Back with a vengeance, after a two-week hiatus! Good stuff here, some held over from last week because you don't want to miss it.
Coach Character: Hands down, this is the best thing I've read this week. Born and raised in Indiana, Lindsay Sankey can write a good story and this piece about the pitfalls of denigrating small children for their work with livestock and in a show ring is exactly what so many of us need to read as we head out to county fairs. What's the point of showing livestock? It's about building character, Lindsay says. I couldn't agree more. Nobody needs to be humiliating a child at ring side. Or ever. As a side note, Lindsay also wrote a great story on the week before the fair. I get a little twitchy thinking about that week.
Organic marketing: Not truthful, often misleading: John Block nails it with this op ed for the Des Moines Register. He very carefully and clearly outlines the tactics used by the industry, including the Organic Consumers Association, a group I interviewed and found to be completely lacking in any amount of common sense food production knowledge whatsoever. And I say this as someone who supports organic agriculture: if a farmer can get someone to pay them more to grow something organically and it fits well into their operation, then by golly, they should go for it. It's the marketing that I have a problem with, and John Block lays it all out so well here. If you have friends and family who think organic is the solution to the world's problems, share with them what this former Secretary of Agriculture – they guy who was in charge of all U.S. food production under Reagan – has to say about it.

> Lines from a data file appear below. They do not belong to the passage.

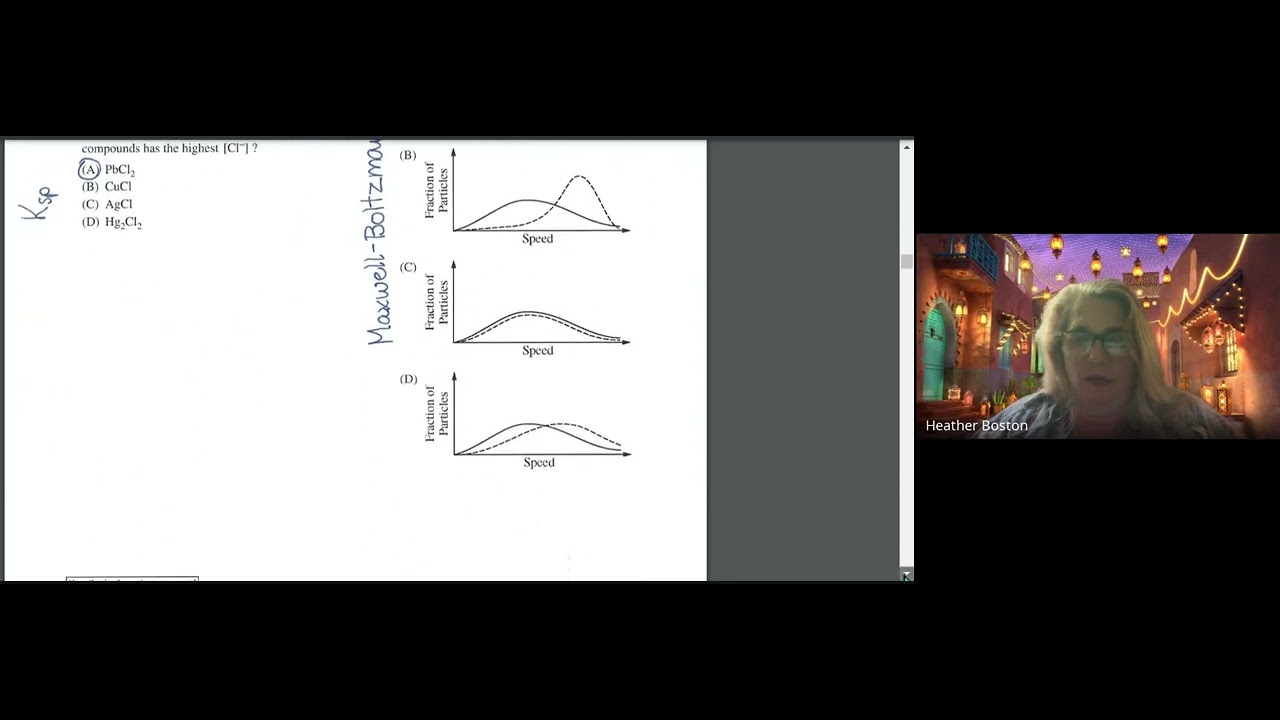 2016 MC Practice AP Test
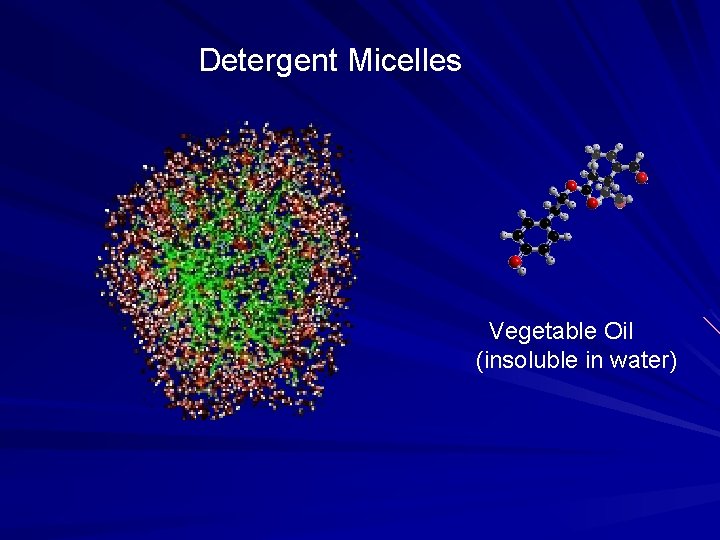 Detergent Micelles Vegetable Oil (insoluble in water) 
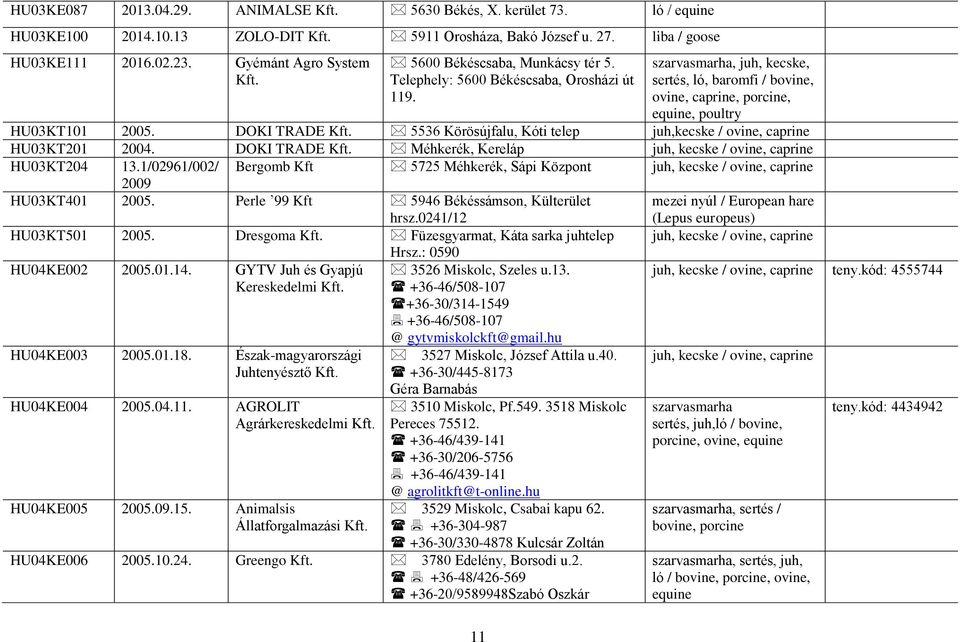 szarvasmarha, juh, kecske, sertés, ló, baromfi / bovine, ovine, caprine, porcine,, poultry HU03KT101 2005. DOKI TRADE 5536 Körösújfalu, Kóti telep juh,kecske / ovine, caprine HU03KT201 2004.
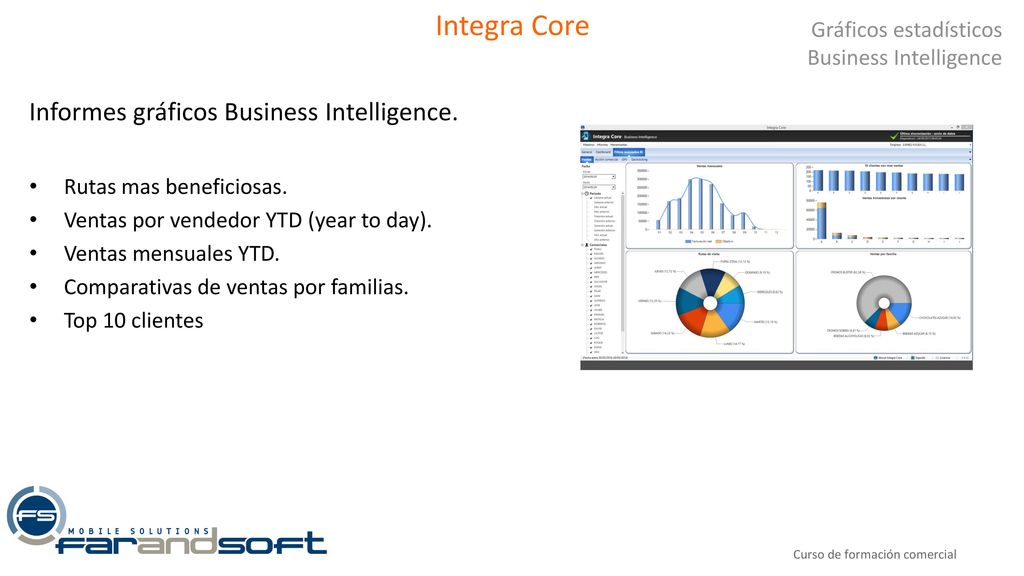 Integra Core Informes gráficos Business Intelligence.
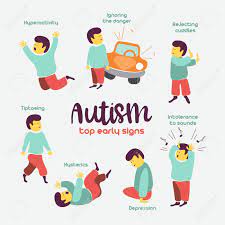 Browse 25,118 autism spectrum disorder stock photos and images available, or search for autism treatment or question to find more great stock photos and pictures. Autism Early Signs Of Autism Syndrome In Children Vector Illustration Royalty Free Cliparts Vectors And Stock Illustration Image 109814009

A farmer's straight talk on the drought: Listen up, city dwellers: An L.A. Times reporter talks with an almond/melon/produce farmer about the drought, why almonds keep getting beat up over water, and how the president wound up on his farm. This is good perspective if you feel distanced from the California drought.
How Neil Young, Greenpeace work to starve the world: The headline really says it all here. This opinion piece in the New York Post takes a look at Young's latest album called, "The Monsanto Years." I'm not making this up. Lyrics look like this: “I love to start my day off without helping Monsanto/ Monsanto, let our farmers grow what they want to grow/ From the fields of Nebraska from the banks of the Ohio/ Farmers won’t be free to grow what they want to grow/ If corporate control takes over the American farm/ with fascist politicians and chemical giants walking arm in arm.”
Google didn't lead the self-driving vehicle revolution. John Deere did. A good technology piece from the Washington Post, designed to give the non-ag world a window into our tech advancements – and pioneers.